A Tag ID should also be included in the video texture. This links the video frame with the associated video metadata. The metadata is sent in a separate stream. See Video Metadata. The Tag ID should be encoded as a sequence of 5 bits at the bottom right of the video texture. This allows 32 different IDs or a maximum delay of 31 frames between the transmission of the metadata and video texture before a Tag ID is reused.

Teleport also supports the sending of lighting information in the video texture. Each frame, the cubemap can be used by the server application to generate a specular cubemap at lower mip levels for reflections and a diffuse cubemap for global illumination. A cubemap containing the specular lighting of the scene should be written to the video texture at 6 different mip levels. Each mip should be half the resolution of the previous mip, from 64x64 pixels down to 2x2. A cubemap containing the diffuse lighting of the scene should be rendered to the video texture at 64x64 resolution.. The resolution and offsets of the lighting cubemaps can be communicated to the client in the VideoConfig structure of the SetupCommand.

A webcam image may also be sent to the client. The dimensions of the webcam image and offset may vary as long as they fit in the video texture.
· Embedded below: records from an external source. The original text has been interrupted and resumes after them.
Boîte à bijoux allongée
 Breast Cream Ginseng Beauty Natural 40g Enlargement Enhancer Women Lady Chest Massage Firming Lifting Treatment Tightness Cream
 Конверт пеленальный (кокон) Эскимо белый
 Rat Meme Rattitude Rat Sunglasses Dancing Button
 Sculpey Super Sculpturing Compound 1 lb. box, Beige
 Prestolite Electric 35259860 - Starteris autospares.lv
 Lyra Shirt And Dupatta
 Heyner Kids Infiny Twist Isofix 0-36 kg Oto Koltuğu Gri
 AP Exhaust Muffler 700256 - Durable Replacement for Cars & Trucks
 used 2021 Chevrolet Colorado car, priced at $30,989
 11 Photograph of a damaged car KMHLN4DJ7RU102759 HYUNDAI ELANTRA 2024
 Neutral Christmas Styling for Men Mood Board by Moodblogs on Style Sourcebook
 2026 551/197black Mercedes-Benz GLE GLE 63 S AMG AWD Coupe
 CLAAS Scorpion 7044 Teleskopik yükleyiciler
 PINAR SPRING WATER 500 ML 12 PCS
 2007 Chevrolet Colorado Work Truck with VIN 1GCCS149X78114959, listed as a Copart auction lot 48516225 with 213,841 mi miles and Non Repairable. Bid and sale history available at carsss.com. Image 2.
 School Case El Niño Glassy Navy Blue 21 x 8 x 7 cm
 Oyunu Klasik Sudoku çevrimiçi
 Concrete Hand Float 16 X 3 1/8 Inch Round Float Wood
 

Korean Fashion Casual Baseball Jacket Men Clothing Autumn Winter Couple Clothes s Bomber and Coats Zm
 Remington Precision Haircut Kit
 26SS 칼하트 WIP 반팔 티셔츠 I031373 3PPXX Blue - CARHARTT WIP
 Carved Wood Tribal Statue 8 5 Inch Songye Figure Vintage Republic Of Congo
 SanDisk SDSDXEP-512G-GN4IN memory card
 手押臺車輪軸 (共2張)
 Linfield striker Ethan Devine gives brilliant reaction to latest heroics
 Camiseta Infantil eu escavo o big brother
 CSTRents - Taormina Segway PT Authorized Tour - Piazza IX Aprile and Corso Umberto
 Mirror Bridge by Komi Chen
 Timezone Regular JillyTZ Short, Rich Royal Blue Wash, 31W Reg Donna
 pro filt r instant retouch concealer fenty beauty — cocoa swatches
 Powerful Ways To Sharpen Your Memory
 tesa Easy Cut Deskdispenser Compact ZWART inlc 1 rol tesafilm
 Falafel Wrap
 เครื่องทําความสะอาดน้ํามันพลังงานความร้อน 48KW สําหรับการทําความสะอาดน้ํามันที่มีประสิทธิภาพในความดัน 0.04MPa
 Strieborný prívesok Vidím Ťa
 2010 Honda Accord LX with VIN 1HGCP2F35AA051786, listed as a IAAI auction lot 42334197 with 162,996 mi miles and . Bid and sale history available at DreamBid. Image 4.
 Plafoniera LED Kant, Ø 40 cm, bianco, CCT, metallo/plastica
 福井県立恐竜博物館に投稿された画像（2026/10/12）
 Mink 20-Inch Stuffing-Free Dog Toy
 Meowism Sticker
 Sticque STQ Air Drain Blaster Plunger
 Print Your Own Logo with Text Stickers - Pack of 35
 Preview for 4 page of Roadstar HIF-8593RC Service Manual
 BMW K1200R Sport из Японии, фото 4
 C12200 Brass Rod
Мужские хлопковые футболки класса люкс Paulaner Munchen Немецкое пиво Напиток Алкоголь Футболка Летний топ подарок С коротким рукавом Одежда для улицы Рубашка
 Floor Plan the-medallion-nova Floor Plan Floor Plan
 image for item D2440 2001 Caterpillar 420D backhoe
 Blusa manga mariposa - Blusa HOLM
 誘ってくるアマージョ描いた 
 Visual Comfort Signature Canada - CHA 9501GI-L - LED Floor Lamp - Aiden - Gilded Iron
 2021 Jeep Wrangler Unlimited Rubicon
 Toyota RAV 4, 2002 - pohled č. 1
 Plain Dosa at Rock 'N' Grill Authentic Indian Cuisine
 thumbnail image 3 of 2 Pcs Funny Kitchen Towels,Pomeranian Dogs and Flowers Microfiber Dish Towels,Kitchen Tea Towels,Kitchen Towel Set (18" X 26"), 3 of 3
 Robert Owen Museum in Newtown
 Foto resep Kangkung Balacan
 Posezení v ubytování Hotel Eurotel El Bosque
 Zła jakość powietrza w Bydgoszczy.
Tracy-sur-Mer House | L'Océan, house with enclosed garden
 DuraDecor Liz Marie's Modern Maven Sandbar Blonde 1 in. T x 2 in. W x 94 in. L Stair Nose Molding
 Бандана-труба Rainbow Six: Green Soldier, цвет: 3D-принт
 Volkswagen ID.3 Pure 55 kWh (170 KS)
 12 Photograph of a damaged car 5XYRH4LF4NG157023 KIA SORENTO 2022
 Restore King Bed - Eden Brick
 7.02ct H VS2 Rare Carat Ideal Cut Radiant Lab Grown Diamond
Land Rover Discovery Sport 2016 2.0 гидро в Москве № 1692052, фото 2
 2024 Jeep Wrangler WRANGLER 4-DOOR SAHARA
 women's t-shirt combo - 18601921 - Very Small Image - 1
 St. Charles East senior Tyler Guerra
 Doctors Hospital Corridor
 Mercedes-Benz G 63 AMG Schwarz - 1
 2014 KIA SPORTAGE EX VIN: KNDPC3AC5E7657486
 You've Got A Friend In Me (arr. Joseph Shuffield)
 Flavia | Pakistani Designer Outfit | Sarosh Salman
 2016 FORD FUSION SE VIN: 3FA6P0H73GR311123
A flag indicating if the webcam image is being streamed and the width, height and offset of the image can be communicated to the client in the VideoConfig structure of the SetupCommand.

The video texture should be in the following form:

Colour Cubemap
Depth Cubemap	Specular Cubemap
	Diffuse Cubemap	Webcam
			Tag ID

The cubemap sub-layout should be in the following form:

Front Face +X +Z ←

Back Face -X +Z →

Right Face +Y +Z ↓

Left Face -Y

+Z ↑

Top Face +Z

+Z →

Bottom Face -Z

+X ←

where

Table 4.14 Video Texture Layout¶
Offset X	Offset Y	Width	Heigth	Description
0	0	512	512	Colour Cubemap Front Face
512	0	512	512	Colour Cubemap Back Face
1024	0	512	512	Colour Cubemap Right Face
0	512	512	512	Colour Cubemap Left Face
512	512	512	512	Colour Cubemap Top Face
1024	512	512	512	Colour Cubemap Bottom Face
0	1024	256	256	Depth Cubemap Front Face
256	1024	256	256	Depth Cubemap Back Face
512	1024	256	256	Depth Cubemap Right Face
0	1280	256	256	Depth Cubemap Left Face
256	1280	512	512	Depth Cubemap Top Face
512	1280	256	256	Depth Cubemap Bottom Face
768	1280	126	64	Specular Lighting Cubemap
768	1406	64	64	Diffuse Lighting Cubemap
960	1406	128	96	Webcam Texture
1516	1532	20	4	Tag ID

Note: In the offsets above, higher X values go from left to right and higher Y values go from top to bottom..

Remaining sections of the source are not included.